De frappante tegenstrijdigheid in toon en oordeel prikkelde mij er toe, eens op informatie uit te gaan. En nu bleek mij het volgende. Mevr. IJ. d. S.-B. had eerst haar afkeurende kritiek in het Weekblad van Rotterdam geschreven. Kort daarna verzocht de Ned. Vrouwenclub haar, bovengenoemd werkje in de boekenrubriek te willen bespreken. Daar de schrijfster der sprookjes een actief lid der Nederlandse Vrouwenclub is en daarin een of andere functie vervult, en men haar

[p. 267]

in het eigen blad een onwelwillende kritiek wenste te besparen, schreef men aan Mevr. IJ. d. S.-B., dat haar recensie beter achterwege kon blijven, als zij meende over het werkje niet gunstig te kunnen oordelen. Onze ‘critica’ had dus gevoeglik van bespreking kunnen afzien. In plaats daarvan huldigde zij het beginsel: laat uw linkerhand niet weten wat uw rechter doet, en schreef zij links datgene, wat de Ned. Vrouwenclub prettig zou vinden. Deze werd hiermee kalm behandeld als een kind, - een kinderhand is gauw gevuld -, dat men zijn zin maar geeft.

Had zij intussen kennis genomen van de zeer gunstige en uitvoerige bespreking van genoemd werkje in de N.R. Crt. door den heer Jaarsma? Had zij mijn bespreking van dit werkje gelezen? Vrouwen kunnen elkaar wel eens meer niet zetten, en een vrouw waardeert zelden wat een vrouw schept. Toch kwam Mevr. Albertine Draayer-de Haas in ‘Den Gulden Winckel’ eveneens met een zeer enthousiast oordeel voor den dag. De ongunstige meening van Mevr. IJ. d. S.-B. komt naast al die andere besprekingen en... haar eigen lof later, in een wat eigenaardig daglicht te staan. Men zal niet kunnen ontkennen ... dat de geest dezer kritieken weinig fris is, en deze opvatting over recenseren ... een beetje simplisties ...

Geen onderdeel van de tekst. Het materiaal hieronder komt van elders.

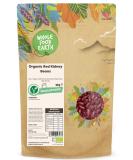 Wholefood Earth Organic Red Kidney Beans 2kg- Raw, Vegan, GMO-Free | High Fibre, Protein | Dark Red, Certified Organic - Buy Online on GoSupps.com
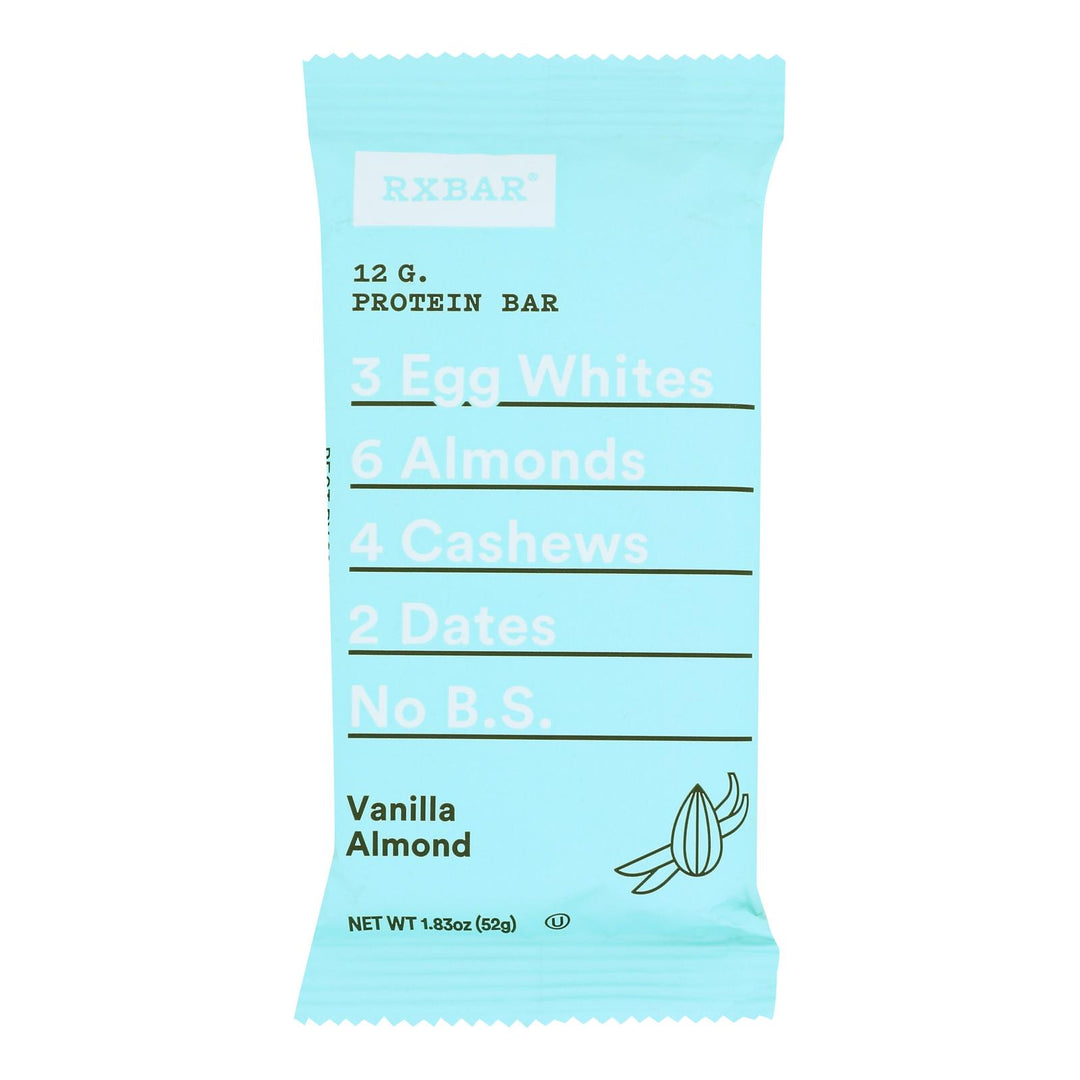 Rxbar - Protein Bar Vanilla Almond - Case Of 12 - 1.83 Oz - Maras Green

Mevrouw IJssel de Schepper-Becker heeft een naam te verliezen. Het is waar: meer als schrijfster dan als critica; maar ze mocht toch waarlik wel een beetje oppassen! Al haar recensies tonen een erbarmelik gebrek aan indringingsvermogen, aan warme aanvoeling: haar psychies klavier is niet breed genoeg en kent maar enkele toonladders. Maar bovendien lijkt zij alle integriteit en beginselvastheid te missen, haar besprekingen hebben geen grondslag, geen diep inzicht, ze zweven in de sfeer van oppervlakkige en waardeloze meninkjes, draaien mee met den wind van het ogenblik, zinken neer tot geborneerdheden en onoprechte naar den mond praterij, en kunnen nog niet eens aanspraak maken op den naam: ‘speelsche zeepbelletjes’, omdat ze zelfs alle kleur en alle bekoring missen!